[Date Prev][Date Next][Thread Prev][Thread Next][Date Index][Thread Index]
[Qemu-block] Raw notes from a small block layer/QAPI/something pre-chris
From: |
Max Reitz |
Subject: |
[Qemu-block] Raw notes from a small block layer/QAPI/something pre-christmas meeting |
Date: |
Fri, 15 Dec 2017 17:38:00 +0100 |
User-agent: |
Mozilla/5.0 (X11; Linux x86_64; rv:52.0) Gecko/20100101 Thunderbird/52.5.0 |
Hi everyone,
Kevin, Markus, and me had a small personal meeting over the last 1.5
days and discussed a couple of things about the block layer and its QAPI
entanglements.
Here's a rather rough sketch on what we talked about:
== Quorum is broken ==
a) x-blockdev-change is broken. When adding a new block device, you
should always set a child name. This cannot or at least should not
be inferred automagically.
Also, adding is just a special case of replacing: If there is no such
child yet, it will just be added.
So the new interface could look like this:
x-blockdev-change(parent, child, node)
Where nothing is optional, @parent is the node name of the parent,
@child is the BdrvChild name of the edge to be changed (if it does
not exist yet, it will be created), and @node is the node name of the
child (null if the edge is to be removed).

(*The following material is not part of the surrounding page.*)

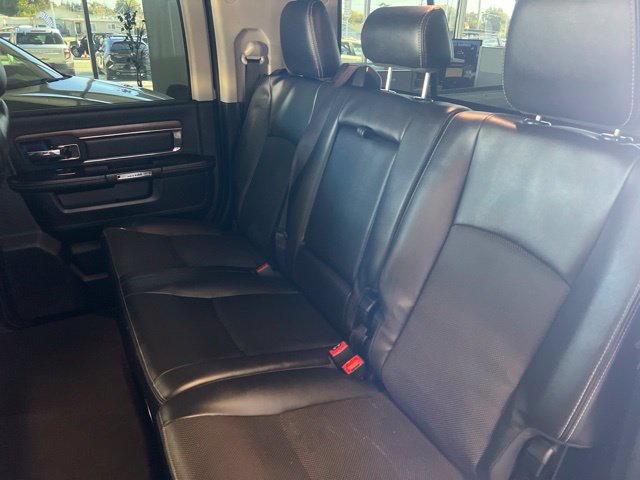 Used 2014 RAM 3500 Laramie w/ Convenience Group AWD/4WD image 5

Note: (b) will say that x-blockdev-change can be replaced by a
QMP-bdrv_reopen() anyway, so we should probably do so.
b) Quorum child list is pretty much broken right now; since it always
tries to keep the list continuous from front to back, child names can
change at any point and you don't have a say in how it's ordered.
(And probably more things.)
Needed:
- Fixed child names for quorum
- Way to reorder the children
Ideally, the path to the child's BlockdevRef should be equivalent to
the child's name (like it is now with "children.0" etc.). There are
at least three ways to achieve this (suggestions welcome):
(Note from the next day: This may be obsolete.[1])

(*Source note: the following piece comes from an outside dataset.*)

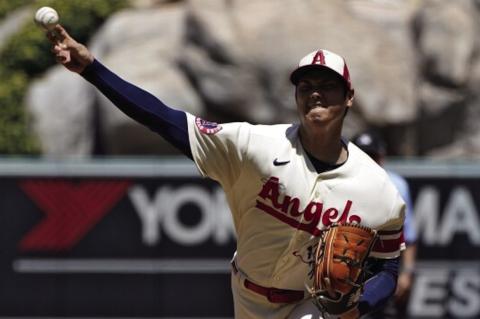 Angels’ Ohtani Has Elbow Tear, Won’t Pitch Again This Season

- Put the child options either directly into the Quorum node's
options (like it is done for all other block drivers) or in a dict
under e.g. a "children" key. This would probably require new QAPI
infrastructure as we would want to be able to specify an arbitrary
number of BlockdevRefs with arbitrary keys inside of
BlockdevOptionsQuorum (or BlockdevOptionsQuorum.children).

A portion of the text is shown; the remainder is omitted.